I've been meaning to write about the
Christchurch Art Gallery's website redesign for months now. With a graphic overhaul, an information architecture tweak, and the release of a properly searchable collections online (underpinned by Vernon), the Gallery has, I think, put itself streets ahead of other municipal galleries, which appear
dark,
cramped, and
unnavigable in contrast.
For a reminder of what the CAG site used to look like,
here's a February 2008 shot from the
Internet Archive's way back machine (which I recommend: you'll discover things like; the GBAG has not changed its homepage layout since November 2002 (when records begin) - here's
November 2004).
Between Feb 2008 and today there's been at least one refresh of the homepage, as I recall, and now this whole new treatment. Taking a lesson from
MoMA and
Apple, CAG have gone for the hero image treatment, banking that the major temporary exhibitions are the main reasons people are visiting the site. Inside, navigation has been shifted over the right-hand side, and the font size mercifully increased - pages are big, bright, and white.
A few little moans:
When I click on Exhibitions in the top-level nav on the homepage, then on Publications inside the second-level nav, I'm suddenly shunted off into a second-level page in the Shop section. I *know* people use their back buttons, but breadcrumbs could still be a useful orienting device here.
I'd love the News and Events section to have RSS feeds, so the information is pushed to me (I'm lazy, and I'm not local - this is the best way to get it to me).
I'm not convinced by the right-hand placement of the nav, and I'm not convinced that the designer is convinced either, when I see how the nav is being repeated in the body copy in the
Education section. I wonder if the pale grey meets web standards guidelines for contrast, and I'd really like it if the navigation changed visually to reflect where I am in the site. Actually - I just double-checked that statement, and the background of the top-level nav does change ever so slightly to a more tomatoey shade of scarlet - I'd still consider using tabs at this level, and something else at the second and third.
What I am convinced by though is the improvement to the
Collection search (no more browsing by artist name!) and the number of
digitised publications that are available online (with sensible linking through to Christchurch City Libraries) . Like Auckland Art Gallery, Christchurch has really got its act together here.

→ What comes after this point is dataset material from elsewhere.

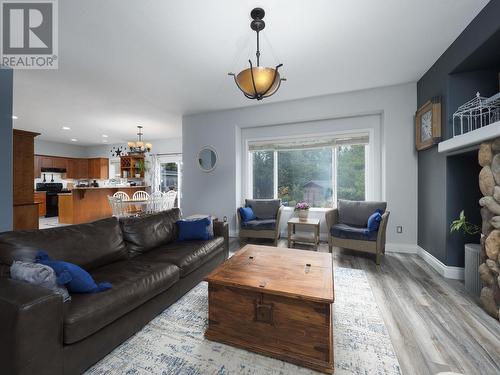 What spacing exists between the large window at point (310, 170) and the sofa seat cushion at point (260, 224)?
947 millimetres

The collection search, the publications, and dates of shows are the three reasons I visit the CAG site. I guess you could say my motivation is primarily 'research', not 'visit'. The site does a good job of delivering up content for schools, but not so much for the adult researcher; the content is all there (history, publications, exhibition archive, collection search) but the Library in particular is hard to find.
All up though - a please to use, a surprisingly deep reservoir of content, and a big improvement. Belated congrats to all responsible.